* **Exercise instructions**: Find the line containing "BARBAS HATS X" in the material below, then please transcribe it and each line after it exactly, without the pictures.

* **Information provided**:

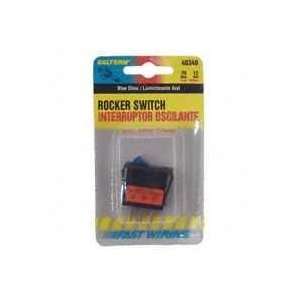  Cal Term 40340 Switch Glow Rocker Blue Automotive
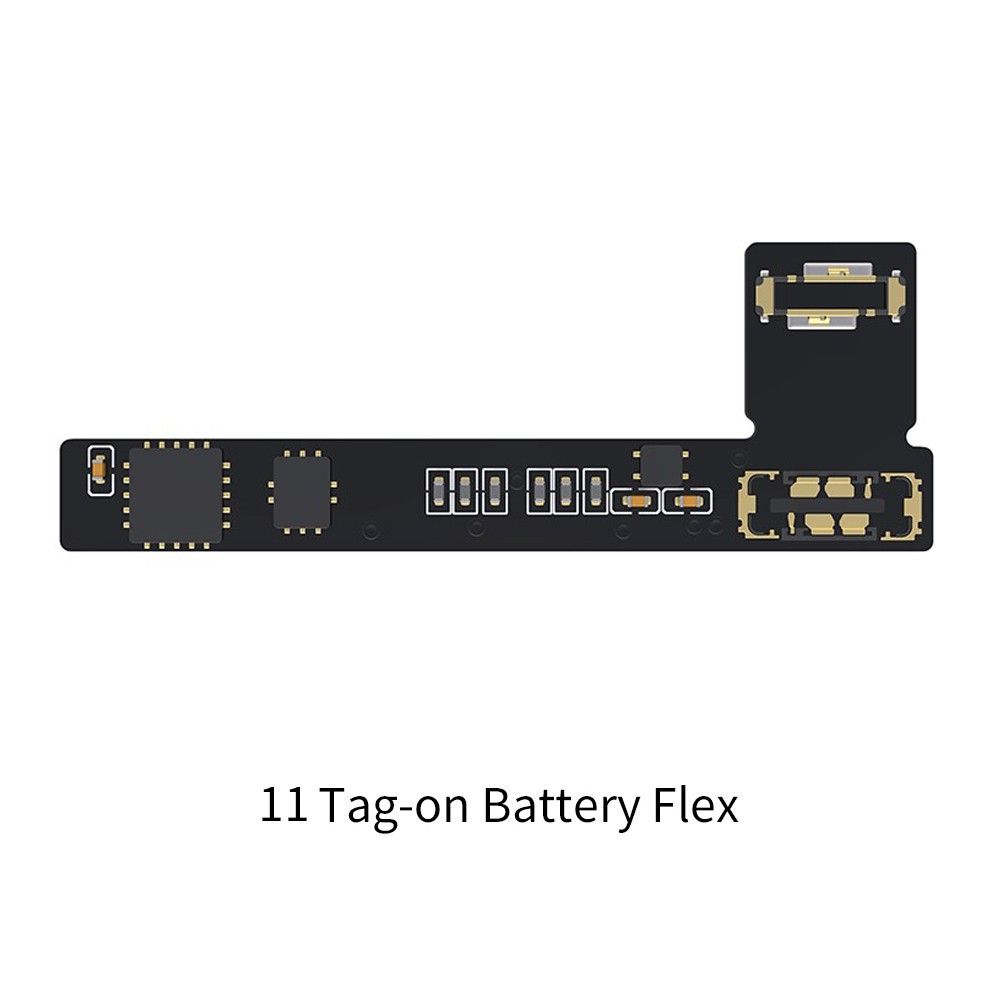 Nappe de programmation Tag-On FPC à clipser sur batterie JCID iPhone 11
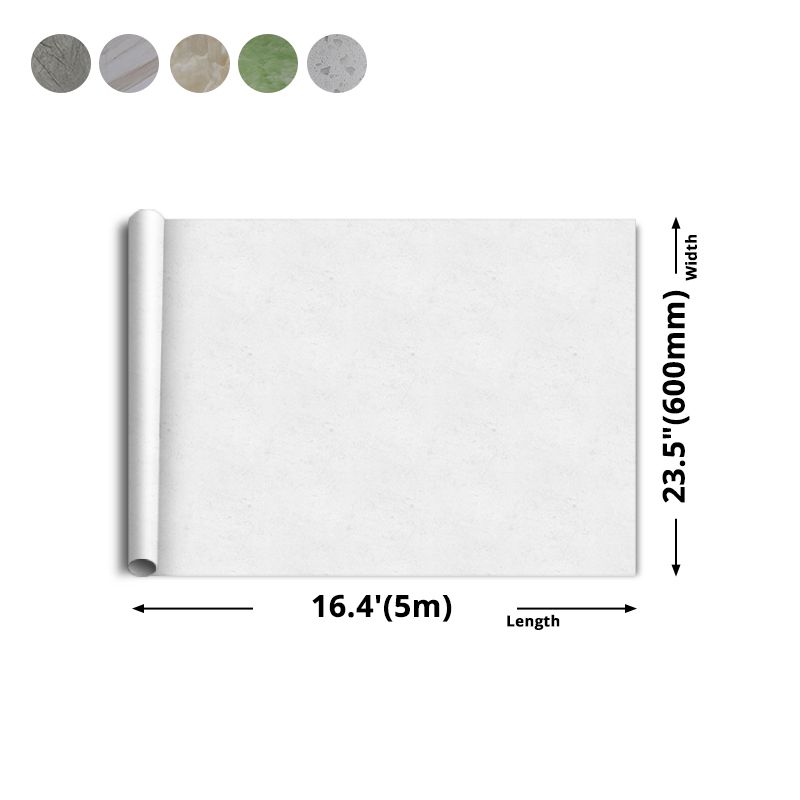 Modern Peel & Stick Field Tile PVC Rectangular Wallpaper for Floor and Wall Clearhalo 'Flooring 'Home Improvement' 'home_improvement' 'home_improvement_peel_stick_blacksplash' 'Peel & Stick Backsplash Tile' 'peel_stick_blacksplash' 'Walls & Ceilings' Walls and Ceiling' 1200x1200_a0e3fb10-51f7-405a-abf7-842e54e675a9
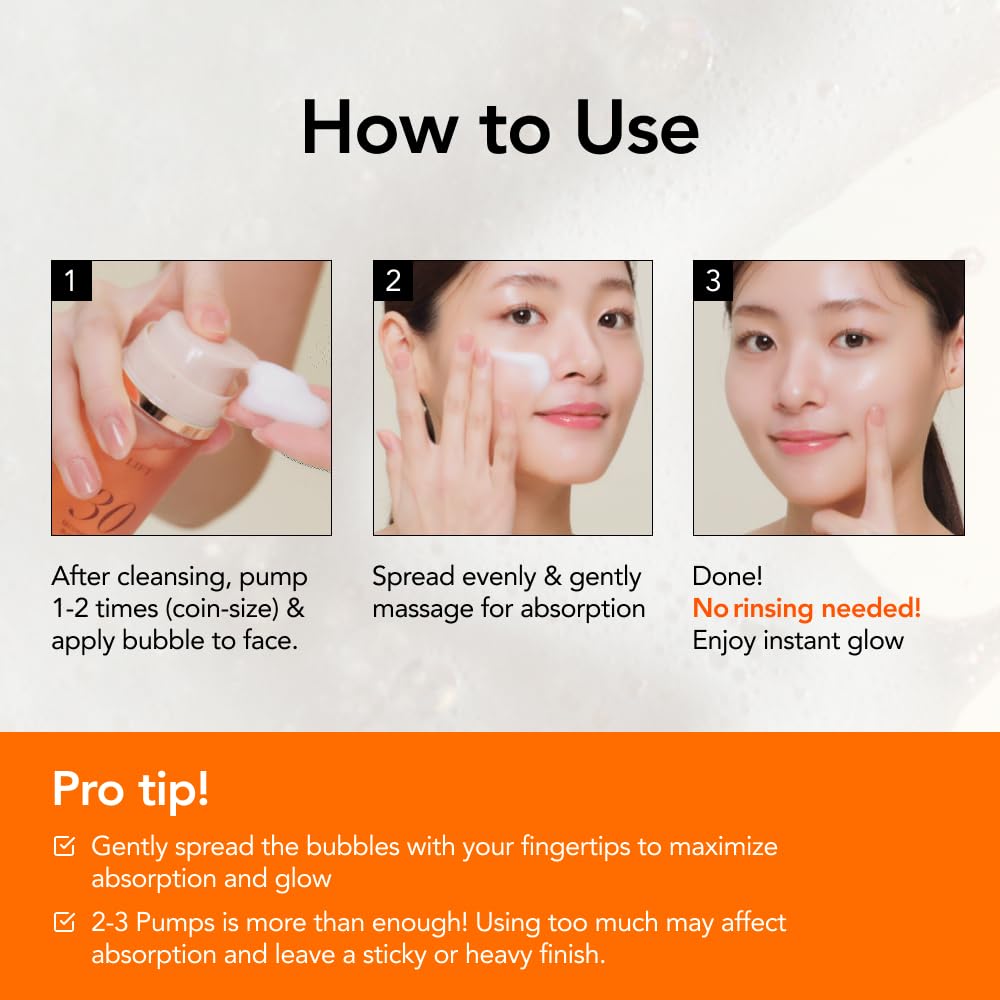 MENOKIN after use on cheek showing hydrated non-sticky finish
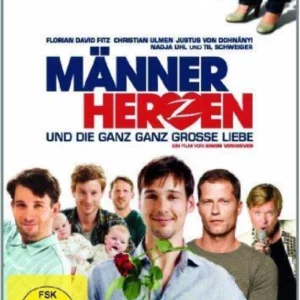 Männerherzen...und die ganz, ganz große Liebe 2011 New DVD Top-quality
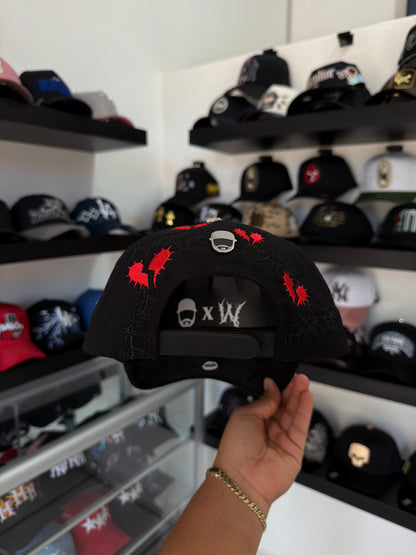 BARBAS HATS X WILLITO "HEARTBREAKER"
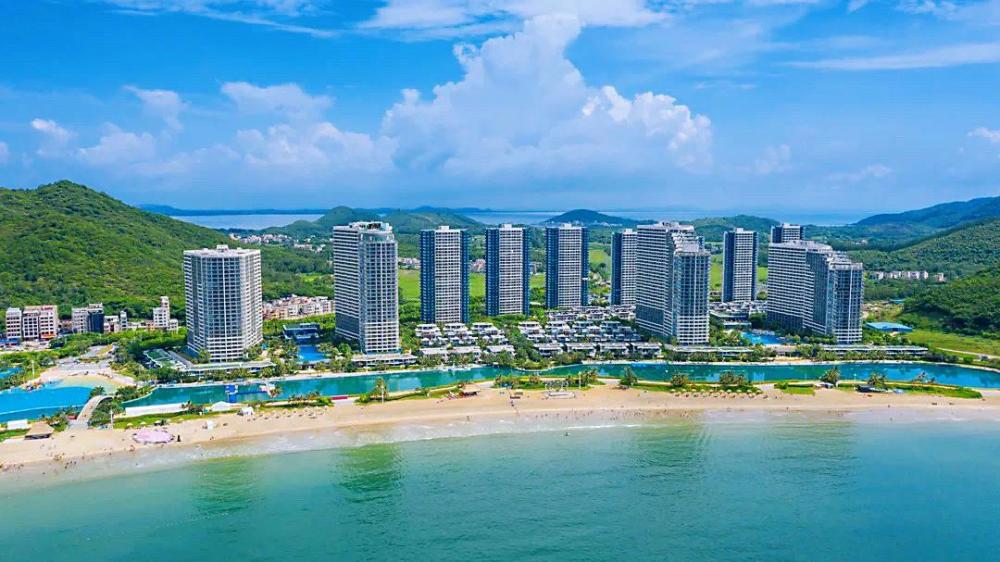 在阳江敏捷黄金海岸邂逅北纬21的海岸人生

* **Task solution**:
 BARBAS HATS X WILLITO "HEARTBREAKER"
 在阳江敏捷黄金海岸邂逅北纬21的海岸人生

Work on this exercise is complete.